Stream.emit(x[, asynchronous, metadata])

Push data into the stream at this point

map(upstream, func, *args, **kwargs)

Apply a function to every element in the stream

sink(upstream, func, *args, **kwargs)

Apply a function on every element

You can create a basic pipeline by instantiating the Streamz object and then using methods like map, accumulate, and sink.

from streamz import Stream

def increment(x):
    return x + 1

source = Stream()
source.map(increment).sink(print)

The map and sink methods both take a function and apply that function to every element in the stream. The map method returns a new stream with the modified elements while sink is typically used at the end of a stream for final actions.

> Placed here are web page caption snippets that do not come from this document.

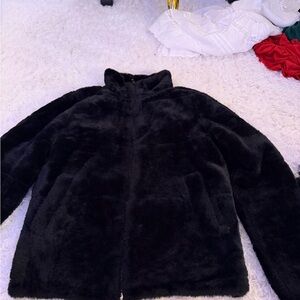 Love Black Faux Fur Coat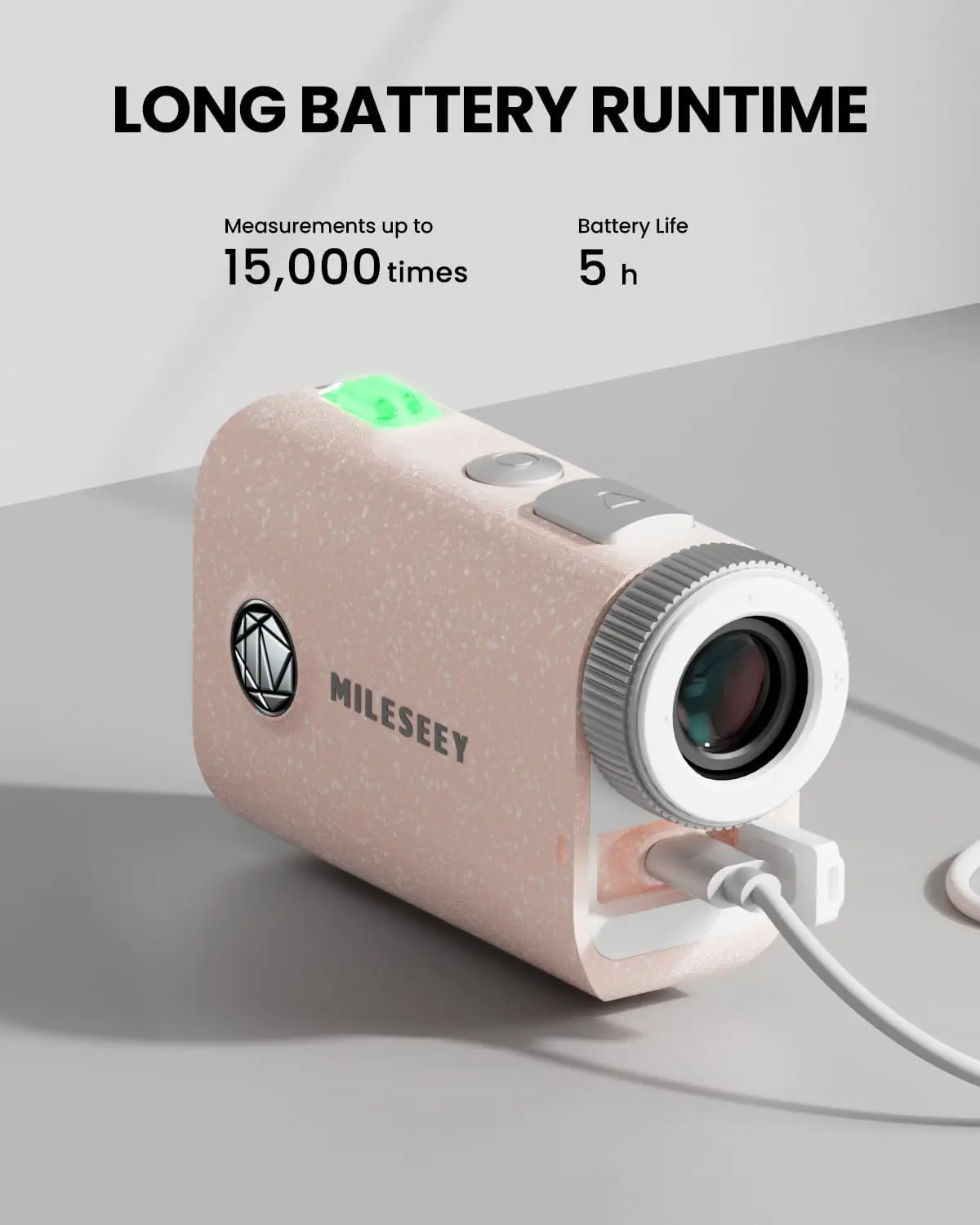 MiLESEEY ゴルフ用レーザー距離計 PF1 ピンク MILESEEY PF1 Industrial Pink Golf Rangefinder Slope Vibration IP54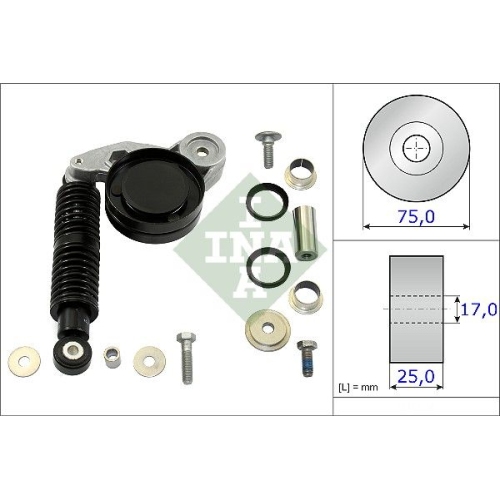 Reparatursatz Spannarm Keilrippenriemen Ina 533 0118 10 für Audi Seat Skoda VW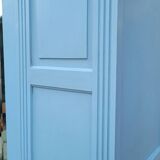 Parisian Art Deco armoire with beveled mirror and painted decoration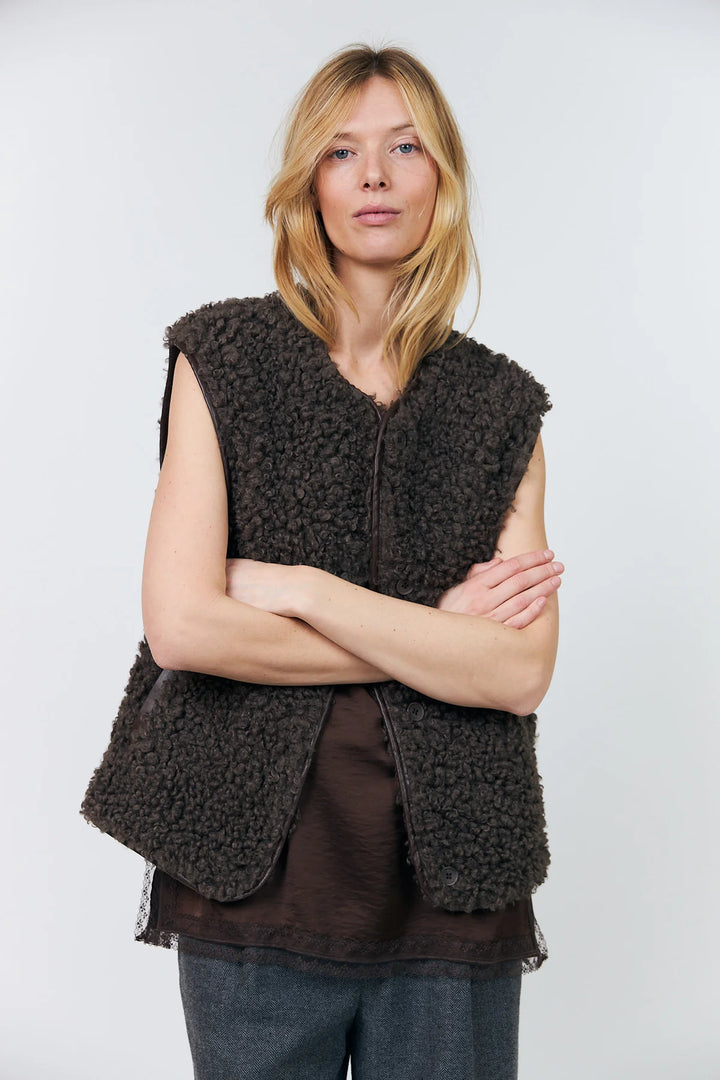 VadaLL Vest - Dark Mokka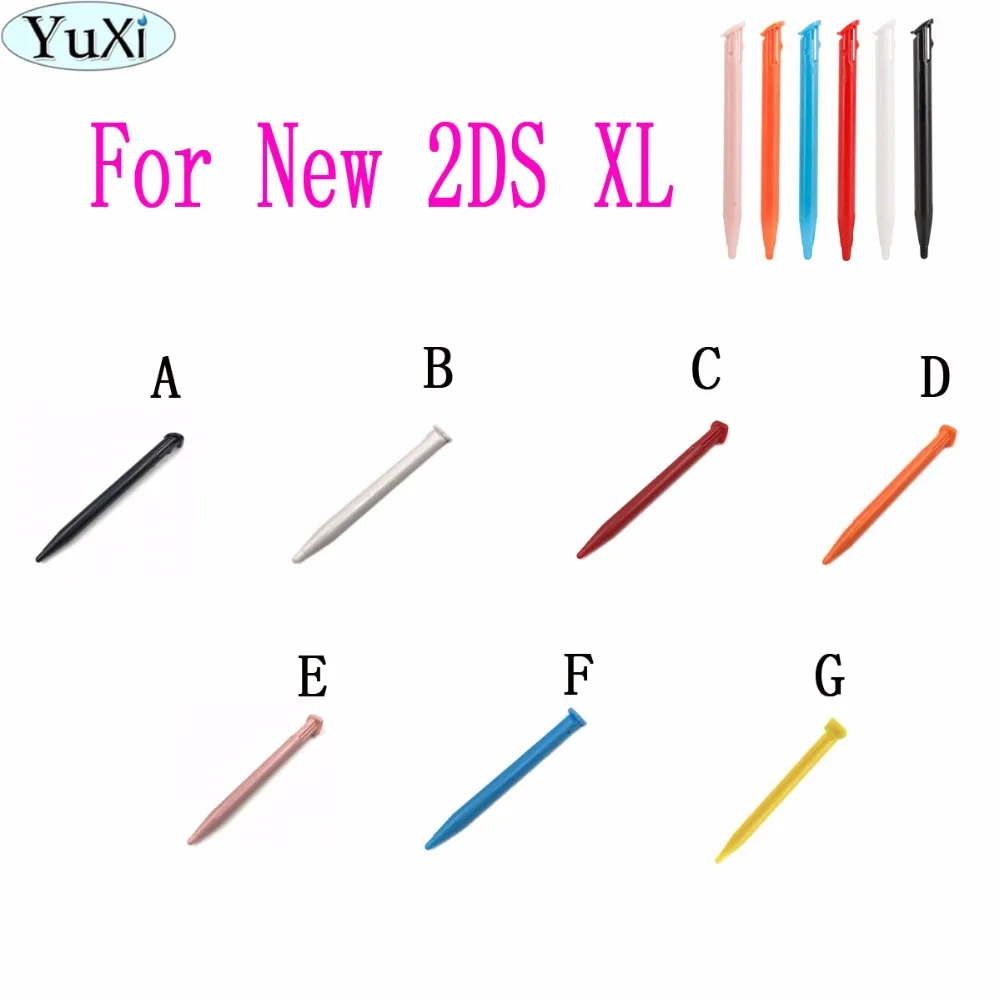 

YuXi game Plastic Stylus Pen Screen Touch Pen For Nintend new 2DS XL/LL Game Console colorful touch pen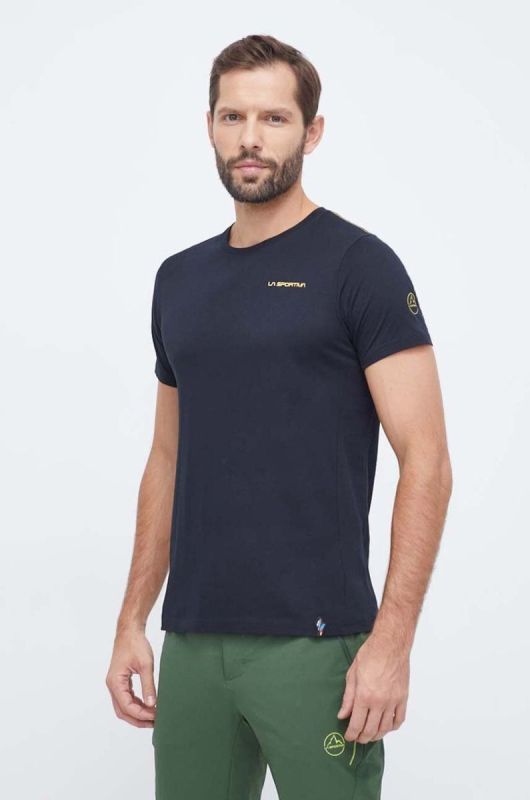 Футболка LA Sportiva Back Logo чоловіча колір чорний однотонна фото 2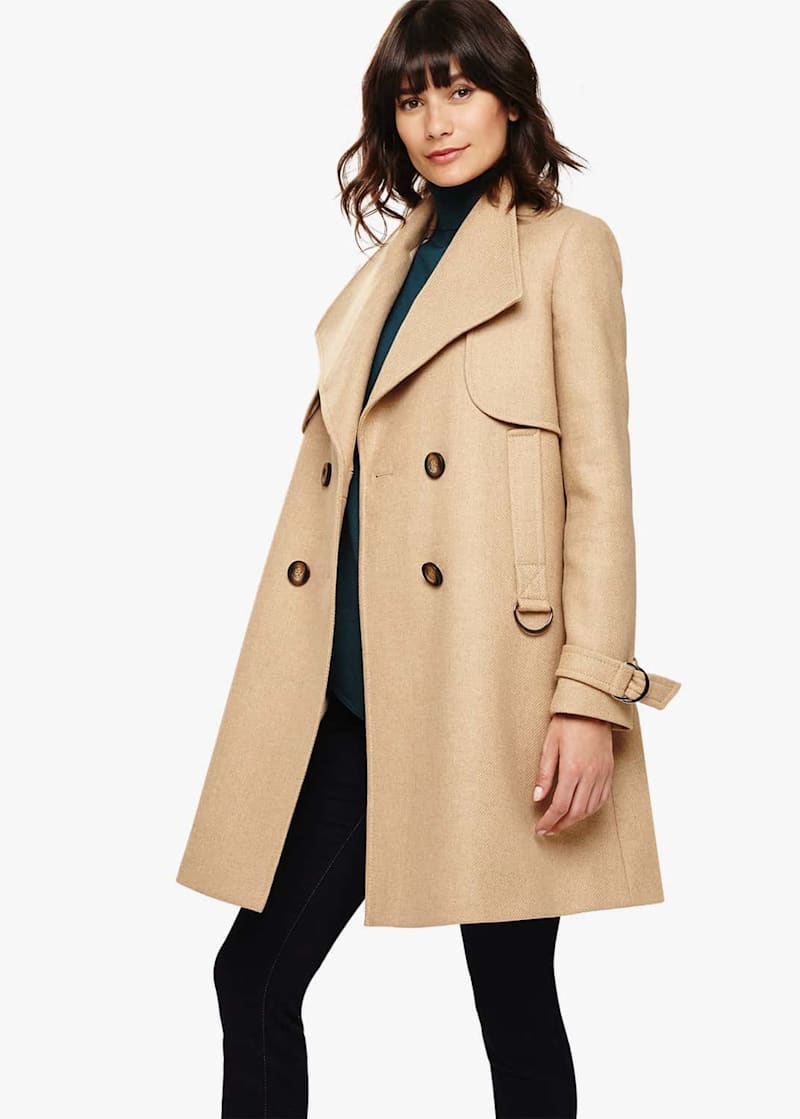 Camel sales swing coat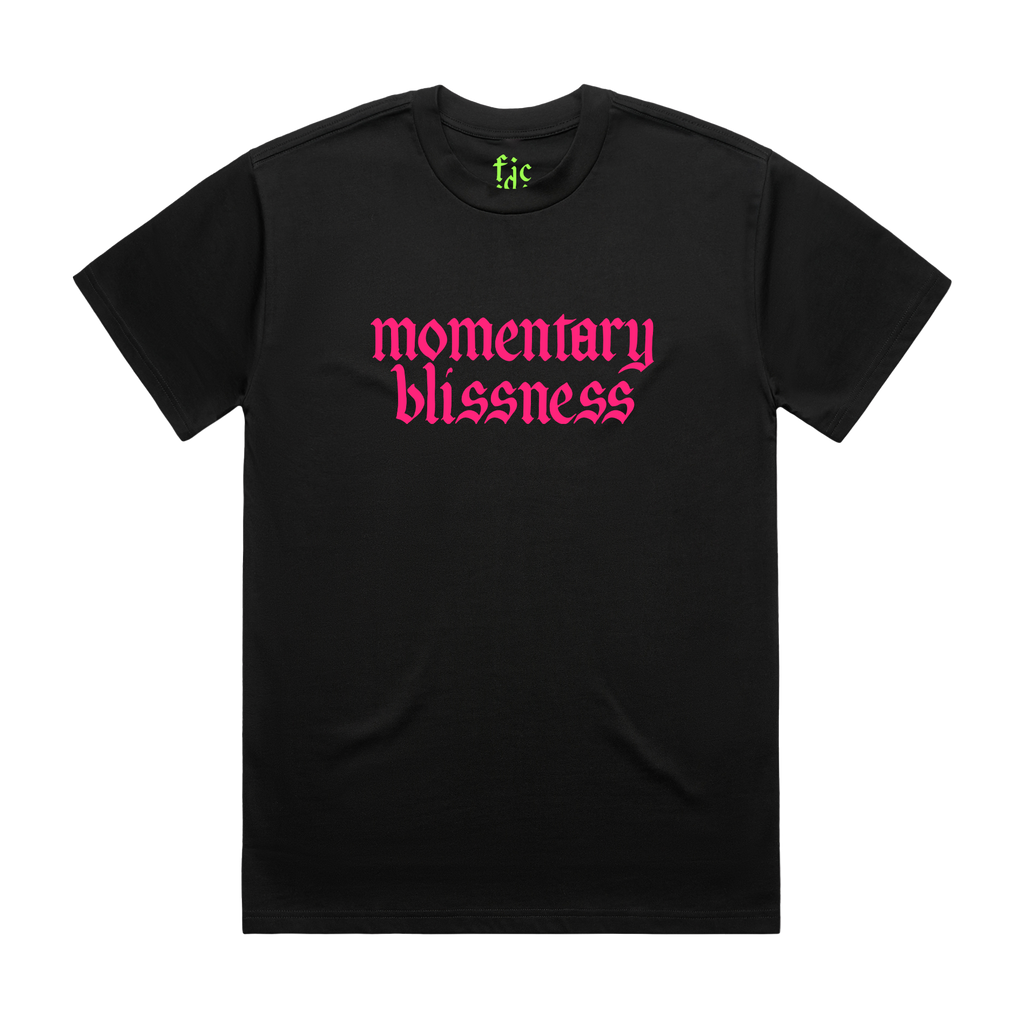 Momentary Blissness Black T-Shirt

To push data through our pipeline we call emit

>>> source.emit(1)
2
>>> source.emit(2)
3
>>> source.emit(10)
11

As we can see, whenever we push data in at the source, our pipeline calls increment on that data, and then calls print on that data, resulting in incremented results being printed to the screen.

Often we call emit from some other continuous process, like reading lines from a file

import json

data = []

source = Stream()
source.map(json.loads).sink(data.append)

for line in open('myfile.json'):
    source.emit(line)

Accumulating State

accumulate(upstream, func[, start, ...])

Accumulate results with previous state

Map and sink both pass data directly through a stream. One piece of data comes in, either one or zero pieces go out. Accumulate allows you to track some state within the pipeline. It takes an accumulation function that takes the previous state, the new element, and then returns a new state and a new element to emit. In the following example we make an accumulator that keeps a running total of the elements seen so far.

def add(x, y):
    return x + y

source = Stream()
source.accumulate(add).sink(print)
>>> source.emit(1)
1
>>> source.emit(2)
3
>>> source.emit(3)
6
>>> source.emit(4)
10

The accumulation function above is particularly simple, the state that we store and the value that we emit are the same. In more complex situations we might want to keep around different state than we emit. For example lets count the number of distinct elements that we have seen so far.

def num_distinct(state, new):
    state.add(new)
    return state, len(state)

 source = Stream()
 source.accumulate(num_distinct, returns_state=True, start=set()).sink(print)

 >>> source.emit('cat')
 1
 >>> source.emit('dog')
 2
 >>> source.emit('cat')
 2
 >>> source.emit('mouse')
 3

Accumulators allow us to build many interesting operations.

Flow Control

buffer(upstream, n, **kwargs)

Allow results to pile up at this point in the stream

flatten([upstream, upstreams, stream_name, ...])

Flatten streams of lists or iterables into a stream of elements

partition(upstream, n[, timeout, key])

Partition stream into tuples of equal size

sliding_window(upstream, n[, return_partial])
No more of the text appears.